> _TRY IT_
Using the data that follows, output only the lines from the line with "Baby Turco Doğadan" up to and including the line with "BELLA 4 Slice", exactly, leaving pictures aside.

> _WORKING DATA_
== Segment start ==
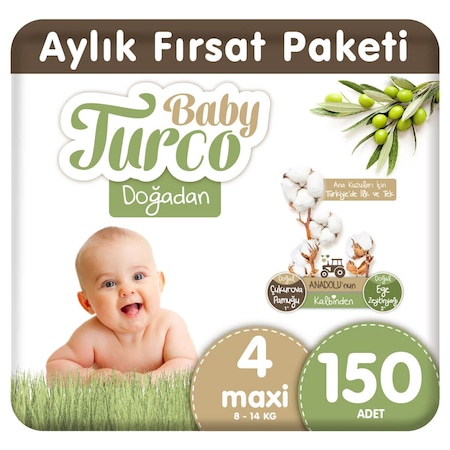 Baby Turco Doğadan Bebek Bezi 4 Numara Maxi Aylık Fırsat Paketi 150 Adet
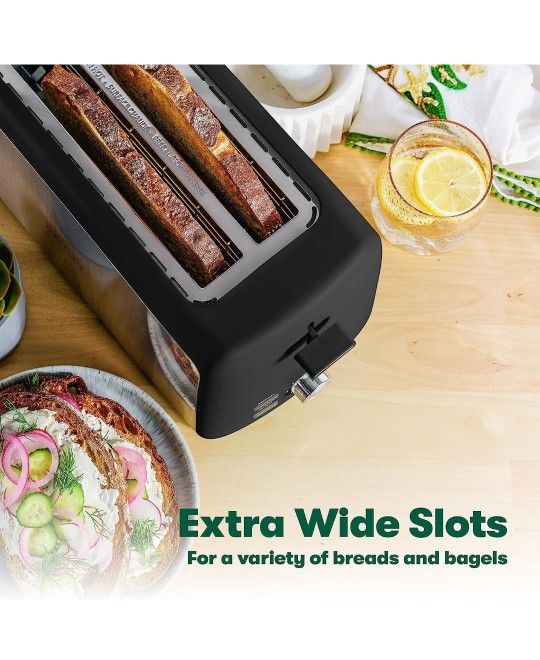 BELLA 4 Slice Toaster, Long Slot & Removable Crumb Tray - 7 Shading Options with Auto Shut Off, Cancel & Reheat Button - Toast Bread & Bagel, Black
== Segment end ==
== Segment start ==
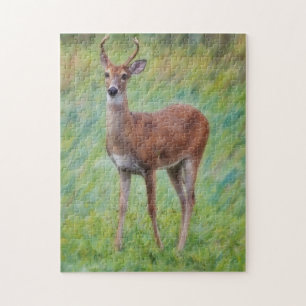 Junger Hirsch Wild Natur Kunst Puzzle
== Segment end ==
== Segment start ==
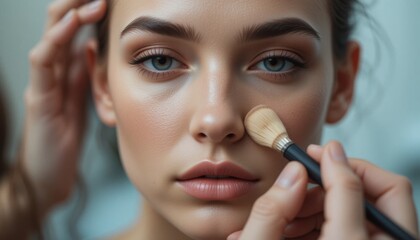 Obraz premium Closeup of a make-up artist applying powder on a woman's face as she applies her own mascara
== Segment end ==
> _REPLY_
 Baby Turco Doğadan Bebek Bezi 4 Numara Maxi Aylık Fırsat Paketi 150 Adet
 BELLA 4 Slice Toaster, Long Slot & Removable Crumb Tray - 7 Shading Options with Auto Shut Off, Cancel & Reheat Button - Toast Bread & Bagel, Black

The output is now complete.